3. Results and Discussion

The water and ethanol permeance data of Figure 3 and Figure 4 were fitted using a power function, and the following correlations were developed:

$$Q_{\mathrm{Water}} (\mathrm{kmol} {\mathrm{h}}^{-1} {\mathrm{m}}^{-2} {\mathrm{kPa}}^{-1})=0.0017{x_{Fe}}^{-1.73}$$

(9)

$$Q_{\mathrm{Ethanol}} (\mathrm{kmol} {\mathrm{h}}^{-1} {\mathrm{m}}^{-2} {\mathrm{kPa}}^{-1})=3\times {10}^{-6}{x_{Fe}}^{-3.25}$$

(10)

$${\displaystyle \frac{Q_{Water}}{Q_{Ethanol}}}=567x^{1.52}$$

(11)

where $x_{Fe}$ is the mole fraction of ethanol in the feed. The fitting accuracy was 96% based on the R-squared model. The above permeance data were entered in the spreadsheet, and seven simulation cases were run at different ethanol feed concentrations ranging from 93 to 98 wt%. The results are shown in Figure 7, and the predicted data differ by 4.6% from the simulation, which is acceptable. The error could be related to the accuracy of the developed permeance power functions (Equations (9) and (10)). Moreover, the use of the logarithmic-mean pressure difference (Equation (4)) also introduced an error.

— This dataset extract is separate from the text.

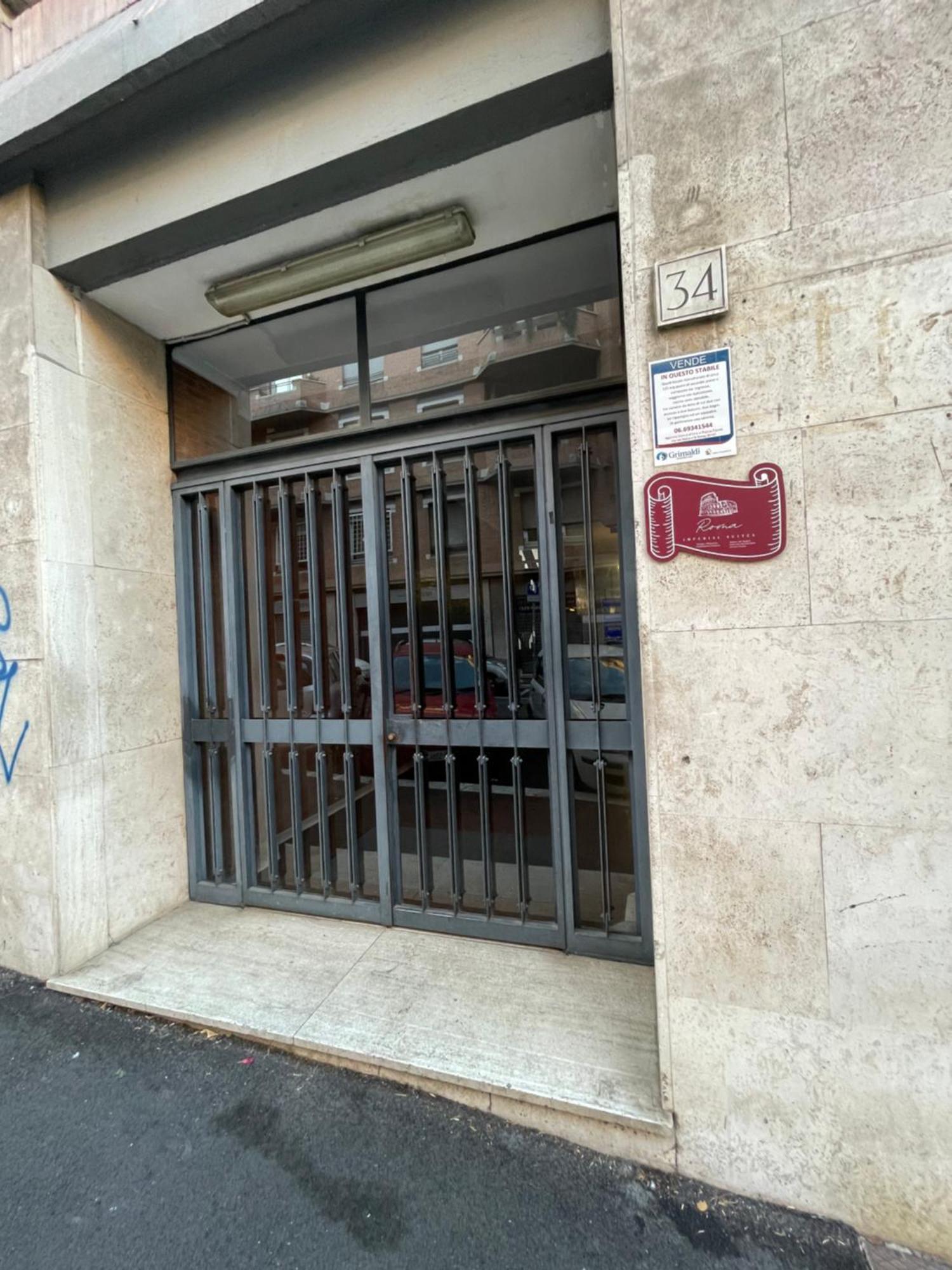 Roma Imperial Suites Buitenkant foto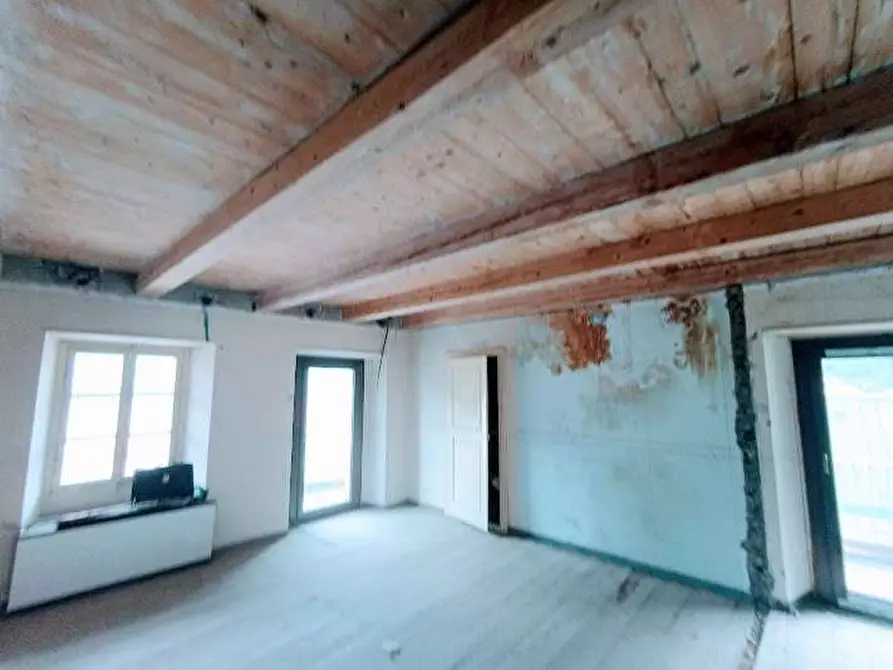 Immagine 7 di Attico in vendita  in PIAZZA CHIESA 14 a Pallanzeno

To reduce the calculated error, it is suggested that a correction factor be used by multiplying the estimated water content data by a decimal number. It was found that using a correction factor of 0.954 reduced the error significantly from 4.6 to 0.7% as shown in Figure 8. At this stage, it is concluded that the UniSIM^® simulation results are reliable for modeling a commercial pervaporation unit for ethanol–water separation. Nevertheless, the developed correction factor can only be used for ethanol feed ranging from 93 to 98 wt% within the same operating temperature and pressure.

4. Conclusions

Pervaporation membranes can produce high-quality ethanol, whereas the distillation is limited by the azeotrope. The membranes were simulated in the literature, but the reliability of the predicted data is hardly discussed. This work simulated a commercial pervaporation unit in UniSIM^® to purify ethanol from water after the azeotrope point. The model was not readily available in UniSIM^®, but it was manually constructed using a component splitter, a spreadsheet, and adjustment functions. The model was solved numerically, and the results show that the simulation calculations differ by an acceptable error of 4.6% from pilot-plant data. The error was further reduced to 0.7% by using a correction factor. This study confirmed that the current simulation model is reliable for estimating the performance of the pervaporation membrane for ethanol purification.